To predict the kinetic energy of the group when their speed is \(40,\tfrac{\text{m}}{\text{s}}\), we can analyze the pattern in the graph.
Given the curve starts at the origin (0,0) and reaches (20,80), we observe the trend indicates that the kinetic energy increases as the speed increases. The relationship between kinetic energy \(KE\) and speed \(v\) is typically quadratic, expressed mathematically as:
\[ KE = \frac{1}{2} mv^2 \]
In the context of this question, we can observe the graph's relationship.

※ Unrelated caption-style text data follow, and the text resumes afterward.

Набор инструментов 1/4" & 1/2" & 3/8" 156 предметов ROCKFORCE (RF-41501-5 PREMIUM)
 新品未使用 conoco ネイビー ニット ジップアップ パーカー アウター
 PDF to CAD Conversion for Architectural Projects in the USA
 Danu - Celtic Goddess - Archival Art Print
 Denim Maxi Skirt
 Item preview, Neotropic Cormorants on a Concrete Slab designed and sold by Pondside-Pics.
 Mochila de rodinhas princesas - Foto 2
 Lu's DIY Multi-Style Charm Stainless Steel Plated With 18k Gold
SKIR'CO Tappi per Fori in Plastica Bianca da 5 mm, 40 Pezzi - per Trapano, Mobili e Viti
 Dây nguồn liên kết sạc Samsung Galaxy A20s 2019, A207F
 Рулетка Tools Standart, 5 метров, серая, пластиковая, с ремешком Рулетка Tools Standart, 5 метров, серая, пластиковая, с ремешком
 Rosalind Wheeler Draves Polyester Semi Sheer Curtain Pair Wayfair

Let's check the values we already know from the graph:
- At \(v = 0,\tfrac{\text{m}}{\text{s}}\), \(KE = 0,\text{kJ}\)
- At \(v = 10,\tfrac{\text{m}}{\text{s}}\), the kinetic energy is \(40,\text{kJ}\)
- At \(v = 20,\tfrac{\text{m}}{\text{s}}\), the kinetic energy is \(80,\text{kJ}\)
Now we can find the kinetic energy at \(v = 40,\tfrac{\text{m}}{\text{s}}\). Since the graph suggests a quadratic increase, it seems likely that when the speed doubles (from \(20,\tfrac{\text{m}}{\text{s}}\) to \(40,\tfrac{\text{m}}{\text{s}}\)), the kinetic energy also increases more dramatically based on the pattern.
Given that at \(20,\tfrac{\text{m}}{\text{s}}\) (where \(KE = 80,\text{kJ}\)) we can expect another doubling of kinetic energy at \(40,\tfrac{\text{m}}{\text{s}}\). Hence we can assume:
\[ KE (40,\tfrac{\text{m}}{\text{s}}) = 4 \times KE (10,\tfrac{\text{m}}{\text{s}}) = 4 \times 40,\text{kJ} = 160,\text{kJ} \]
Thus, the predicted kinetic energy when the group’s speed is \(40,\tfrac{\text{m}}{\text{s}}\) will be:
\[ \boxed{160} \]
So, the answer is \(160,\text{kJ}\).